Signed-off-by: Ivan Shcherbakov <i...@sysprogs.com>
Hi,
in general this patch is really good work, thanks for contributing it!
Just a couple notes:
+enum whpx_step_mode {
+ whpx_step_none = 0,
+ /* Halt other VCPUs */
+ whpx_step_exclusive,
+};
Please use
typedef enum WhpxStepMode {
WHPX_STEP_NONE,
WHPX_STEP_EXCLUSIVE,
} WhpxStepMode;
and likewise for WhpxBreakpointState. (In the case of WhpxStepMode I
would also consider simply a "bool exclusive" in whpx_cpu_run).
struct whpx_vcpu {
WHV_EMULATOR_HANDLE emulator;
bool window_registered;
@@ -156,7 +163,6 @@ struct whpx_vcpu {
uint64_t tpr;
uint64_t apic_base;
bool interruption_pending;
-
Please leave the empty line.
+ if (set) {
+ /* Raise WHvX64ExceptionTypeDebugTrapOrFault after each instruction
*/
+ reg_value.Reg64 |= TF_MASK;
+ } else {
+ reg_value.Reg64 &= ~TF_MASK;
+ }
Out of curiosity, does the guest see TF=1 if it single steps through a
PUSHF (and then break horribly on POPF :))?
+/*
+ * Linux uses int3 (0xCC) during startup (see int3_selftest()) and for
+ * debugging user-mode applications.
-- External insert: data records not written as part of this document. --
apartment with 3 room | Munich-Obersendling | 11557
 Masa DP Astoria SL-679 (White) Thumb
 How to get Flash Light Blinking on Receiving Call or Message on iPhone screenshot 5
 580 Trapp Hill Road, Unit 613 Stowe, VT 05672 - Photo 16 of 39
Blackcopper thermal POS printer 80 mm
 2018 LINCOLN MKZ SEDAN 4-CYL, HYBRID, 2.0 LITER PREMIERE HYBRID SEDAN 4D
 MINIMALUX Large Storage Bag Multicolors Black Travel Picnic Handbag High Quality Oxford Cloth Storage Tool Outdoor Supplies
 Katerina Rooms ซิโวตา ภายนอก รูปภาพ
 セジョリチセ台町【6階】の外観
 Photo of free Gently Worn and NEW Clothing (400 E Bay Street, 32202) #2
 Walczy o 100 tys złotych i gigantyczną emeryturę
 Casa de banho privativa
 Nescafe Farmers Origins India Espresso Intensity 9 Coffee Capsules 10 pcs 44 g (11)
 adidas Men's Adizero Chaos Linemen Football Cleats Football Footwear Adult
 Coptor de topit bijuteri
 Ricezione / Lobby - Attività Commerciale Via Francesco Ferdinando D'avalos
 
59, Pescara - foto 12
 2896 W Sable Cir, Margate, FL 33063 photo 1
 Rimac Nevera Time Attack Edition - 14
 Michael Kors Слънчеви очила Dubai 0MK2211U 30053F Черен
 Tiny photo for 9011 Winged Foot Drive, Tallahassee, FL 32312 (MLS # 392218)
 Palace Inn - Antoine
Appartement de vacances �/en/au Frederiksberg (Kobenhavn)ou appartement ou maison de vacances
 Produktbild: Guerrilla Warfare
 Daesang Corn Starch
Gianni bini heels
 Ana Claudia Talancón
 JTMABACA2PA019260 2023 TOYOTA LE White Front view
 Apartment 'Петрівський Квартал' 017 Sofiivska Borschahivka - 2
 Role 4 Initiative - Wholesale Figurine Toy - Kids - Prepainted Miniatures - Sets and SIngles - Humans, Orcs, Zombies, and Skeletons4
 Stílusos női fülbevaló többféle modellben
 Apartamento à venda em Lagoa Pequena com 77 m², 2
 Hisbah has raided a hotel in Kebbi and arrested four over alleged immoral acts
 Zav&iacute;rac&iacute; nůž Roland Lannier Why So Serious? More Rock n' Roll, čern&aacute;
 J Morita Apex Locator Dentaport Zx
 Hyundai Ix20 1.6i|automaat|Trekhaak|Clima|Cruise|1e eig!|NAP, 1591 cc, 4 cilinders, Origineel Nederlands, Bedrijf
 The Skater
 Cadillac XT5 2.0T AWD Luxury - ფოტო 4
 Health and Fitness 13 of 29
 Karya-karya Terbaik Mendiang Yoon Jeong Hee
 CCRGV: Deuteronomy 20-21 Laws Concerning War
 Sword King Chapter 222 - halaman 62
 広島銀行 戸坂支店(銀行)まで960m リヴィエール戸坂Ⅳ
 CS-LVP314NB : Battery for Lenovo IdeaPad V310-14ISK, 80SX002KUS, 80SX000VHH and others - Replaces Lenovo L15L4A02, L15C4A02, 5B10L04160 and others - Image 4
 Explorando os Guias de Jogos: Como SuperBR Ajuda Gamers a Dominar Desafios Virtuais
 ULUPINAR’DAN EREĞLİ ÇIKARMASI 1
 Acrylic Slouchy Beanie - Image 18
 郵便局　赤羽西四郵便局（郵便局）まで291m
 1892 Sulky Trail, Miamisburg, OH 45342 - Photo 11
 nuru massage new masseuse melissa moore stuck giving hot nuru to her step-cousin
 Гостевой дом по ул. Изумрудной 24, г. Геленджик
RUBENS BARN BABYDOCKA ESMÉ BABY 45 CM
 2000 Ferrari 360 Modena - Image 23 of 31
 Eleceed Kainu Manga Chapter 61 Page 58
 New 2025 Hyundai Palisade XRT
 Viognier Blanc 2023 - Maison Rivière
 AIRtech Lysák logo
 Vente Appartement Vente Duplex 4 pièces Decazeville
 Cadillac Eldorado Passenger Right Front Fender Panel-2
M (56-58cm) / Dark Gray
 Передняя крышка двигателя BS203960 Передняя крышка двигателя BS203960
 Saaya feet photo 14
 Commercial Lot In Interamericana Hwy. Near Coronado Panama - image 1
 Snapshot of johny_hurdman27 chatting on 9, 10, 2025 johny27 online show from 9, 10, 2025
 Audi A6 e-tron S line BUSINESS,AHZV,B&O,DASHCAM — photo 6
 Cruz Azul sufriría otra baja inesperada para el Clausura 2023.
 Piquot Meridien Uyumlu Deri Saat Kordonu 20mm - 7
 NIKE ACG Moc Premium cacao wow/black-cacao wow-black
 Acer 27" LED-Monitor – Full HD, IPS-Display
Since the WHPX API does not offer
+ * an easy way to pass the intercepted exception back to the guest, we
+ * resort to using INT1 instead, and let the guest always handle INT3.
+ */
+static const uint8_t whpx_breakpoint_instruction = 0xF1;
Makes sense.
+ breakpoints->original_addresses =
+ g_renew(vaddr, breakpoints->original_addresses,
cpu_breakpoint_count);
+
+ breakpoints->original_address_count = cpu_breakpoint_count;
+
+ int max_breakpoints = cpu_breakpoint_count +
+ (breakpoints->breakpoints ? breakpoints->breakpoints->used : 0);
+
+ struct whpx_breakpoint_collection *new_breakpoints =
+ (struct whpx_breakpoint_collection *)g_malloc0(
+ sizeof(struct whpx_breakpoint_collection) +
+ max_breakpoints * sizeof(struct whpx_breakpoint));
+ new_breakpoints->allocated = max_breakpoints;
Why separate the original addresses in a different array (and why the
different logic, with used/allocated for one array and an exact size for
the other)
+ enum whpx_breakpoint_state state = breakpoints->data[i].state;
Same comment on coding style applies to this enum.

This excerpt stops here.